Study material:
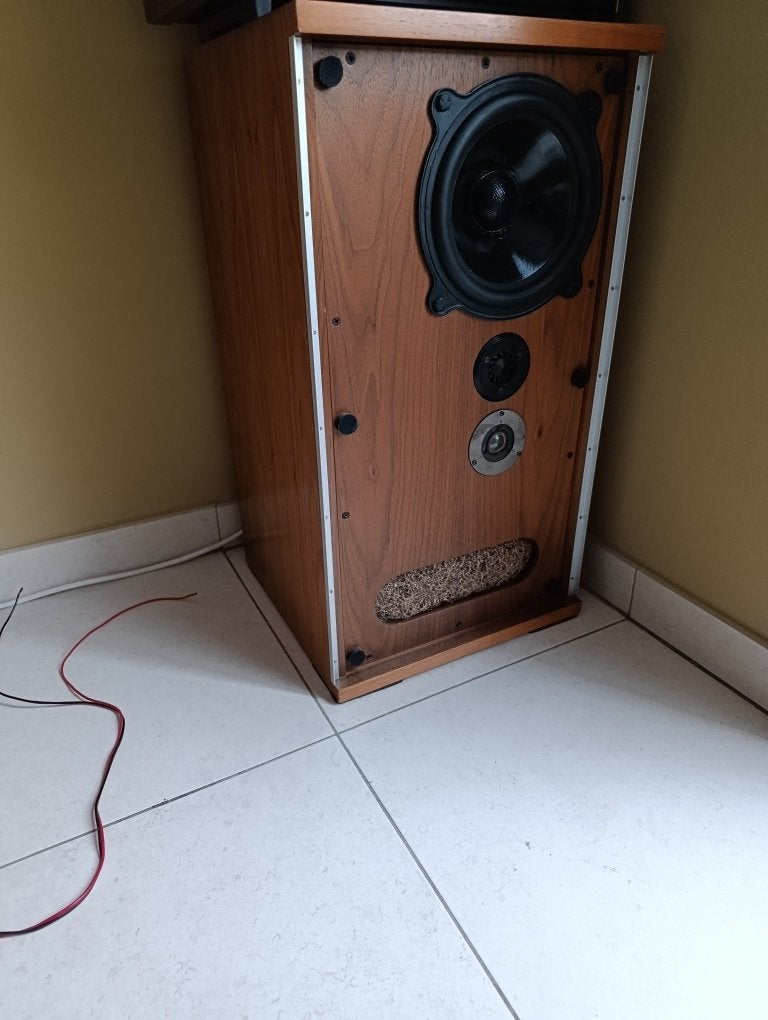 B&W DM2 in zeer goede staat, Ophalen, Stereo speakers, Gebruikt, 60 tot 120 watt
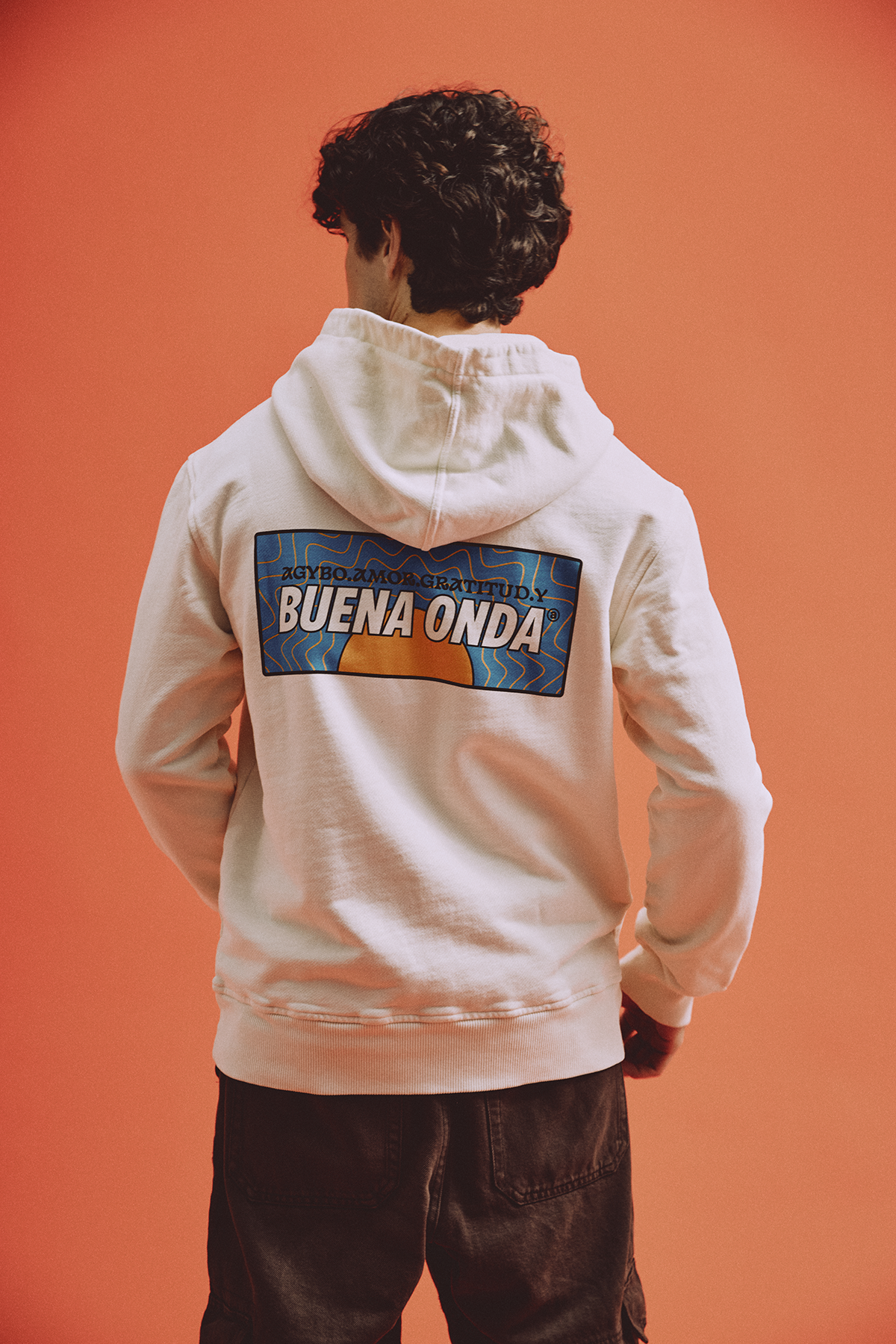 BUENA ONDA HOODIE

...

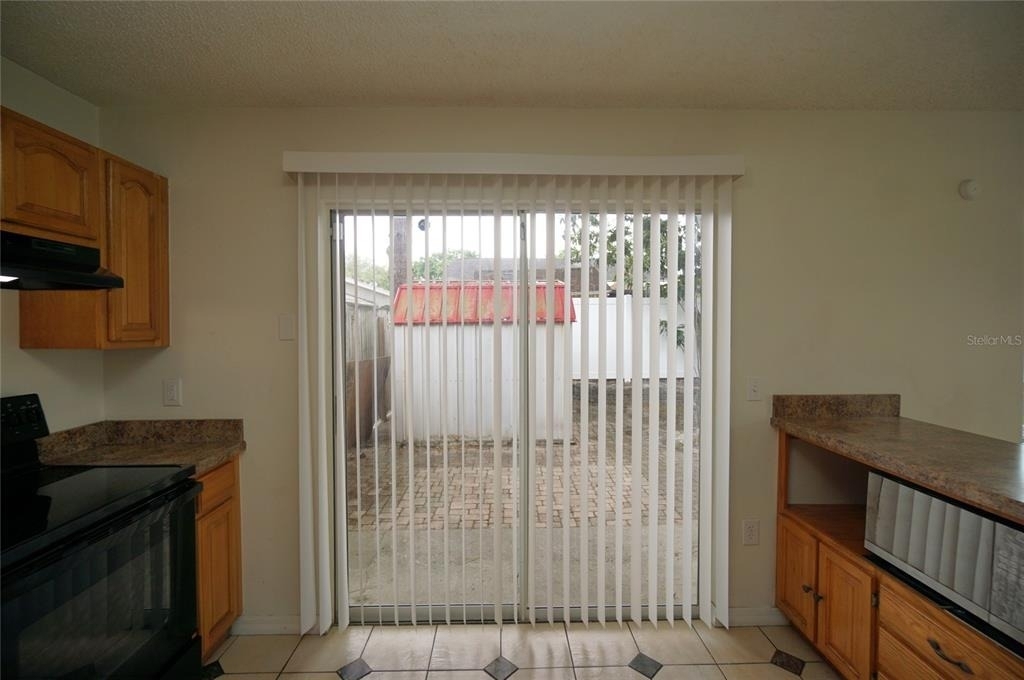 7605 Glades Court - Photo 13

How to complete this task:
Within the listing above, find the line containing "B&W DM2 in zeer" and the line containing "BUENA ONDA HOODIE". Transcribe them and everything between them exactly, leaving out the pictures.

Output below:
 B&W DM2 in zeer goede staat, Ophalen, Stereo speakers, Gebruikt, 60 tot 120 watt
 BUENA ONDA HOODIE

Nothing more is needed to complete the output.